Limitations & Future Work¶
- Performance degrades on ultra-wide-angle (small focal length) images due to underrepresentation in training data
- Inference still requires multi-step diffusion sampling (can be accelerated with few-step methods)
- Metric depth training still requires sparse ground truth from LiDAR/RGBD sensors
- Non-pinhole camera models (e.g., radial distortion) are not addressed
Related Work & Insights¶
- vs. DiffCalib: Also uses diffusion models but generates incidence maps, which suffer from a large domain gap and require joint training with depth; DM-Calib's Camera Image is more compatible with diffusion models and can be trained independently.
- vs. WildCame/GeoCalib: Non-diffusion methods relying on geometric features (e.g., vanishing points) with limited generalization.
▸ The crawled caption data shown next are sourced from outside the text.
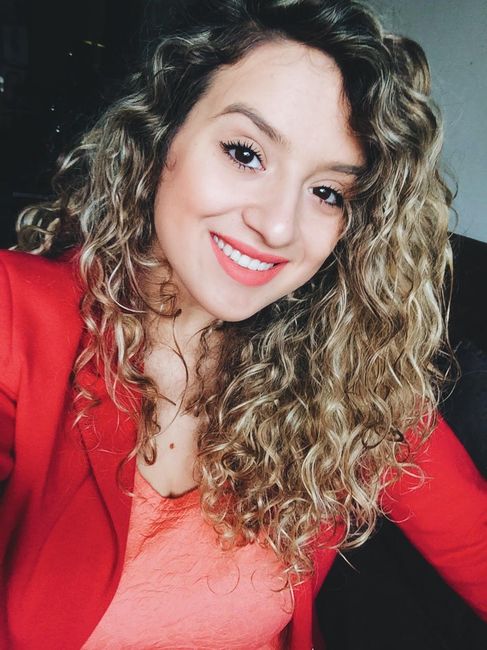 cacheado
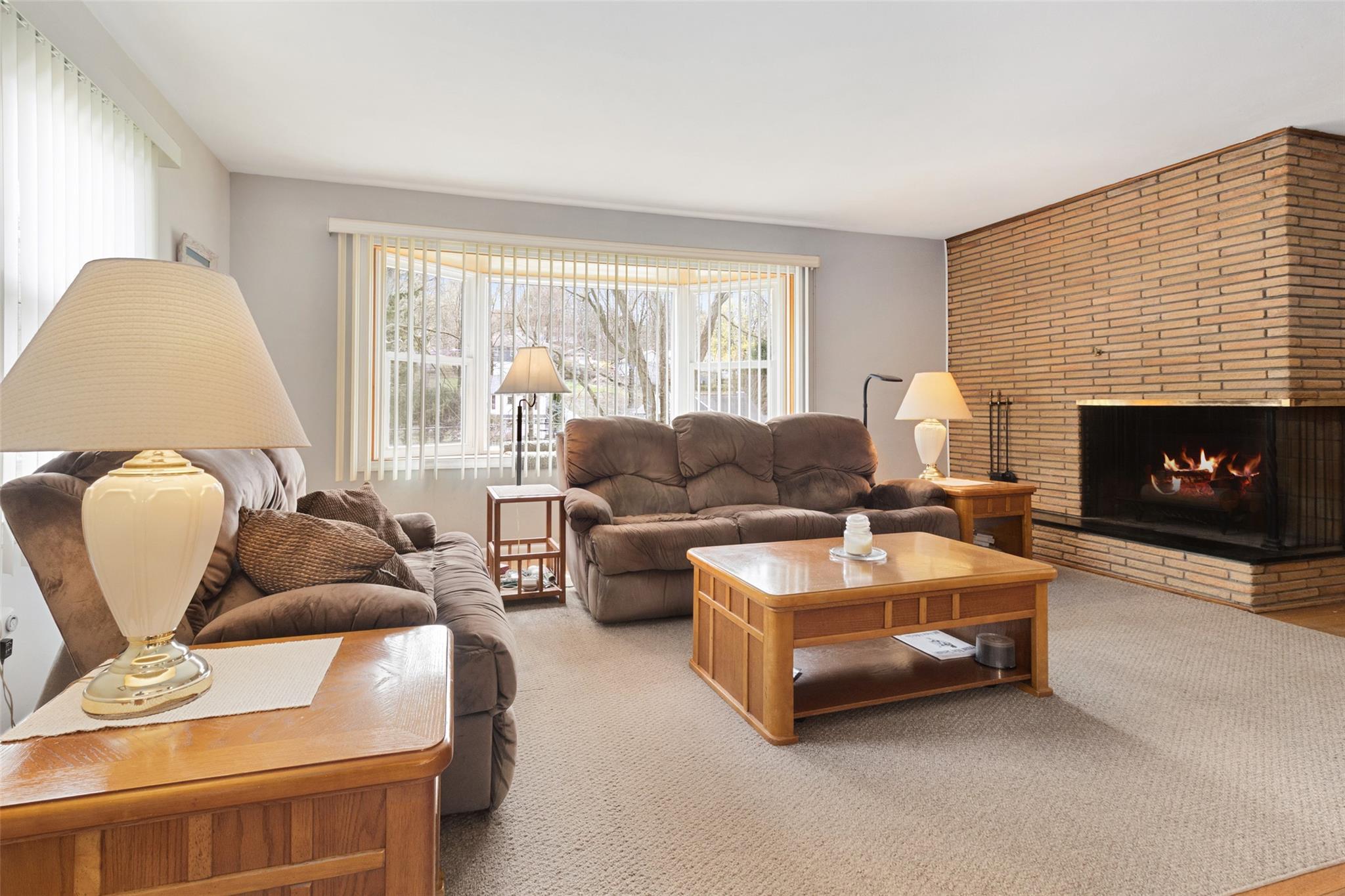 Single Family Red Mill  Westchester County, NY 10567, MLS-849501-7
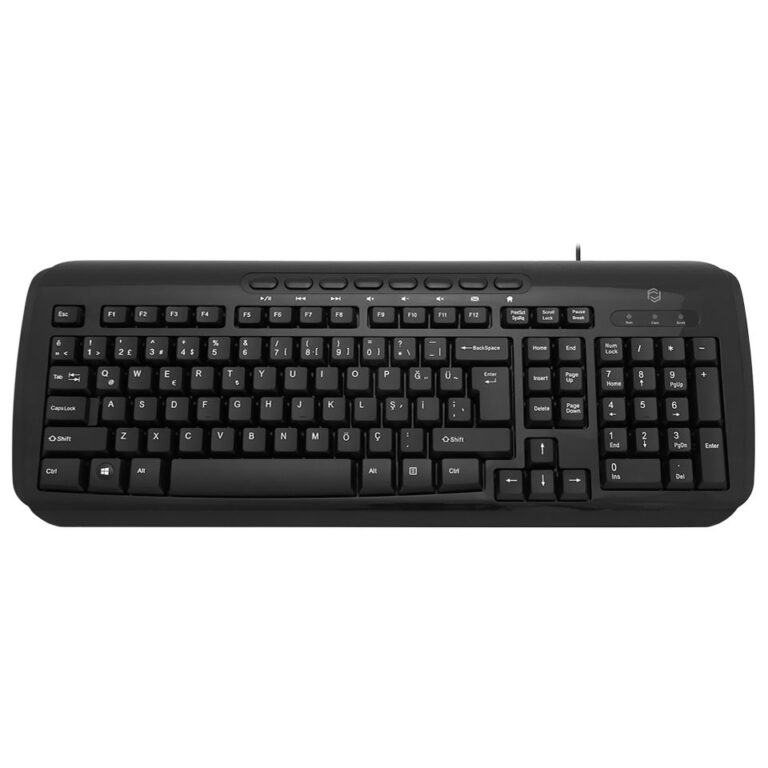 kablolu q turkce multimedya klavye fk 4845qu 368677.jpg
- vs. UniDepth: Jointly trains intrinsics and depth, but mutual interference degrades intrinsic accuracy.
Related Work & Insights¶
- The paradigm of applying diffusion model priors to 3D geometric tasks is worth studying.
- The Camera Image design philosophy — encoding non-image signals into image format to leverage pretrained diffusion models — has broad applicability.
- Intrinsic estimation is a critical component for any pipeline performing 3D reconstruction from in-the-wild images.
Rating¶
- Novelty: ⭐⭐⭐⭐⭐ The Camera Image representation combined with diffusion priors for calibration is novel and elegant.
- Experimental Thoroughness: ⭐⭐⭐⭐⭐ Covers calibration, depth, pose, reconstruction, and metric evaluation across 5 zero-shot datasets.
- Writing Quality: ⭐⭐⭐⭐ Method description is clear; VAE reconstruction error analysis is convincing.
- Value: ⭐⭐⭐⭐⭐ The paradigm of encoding non-visual signals as images to exploit diffusion priors is highly inspiring.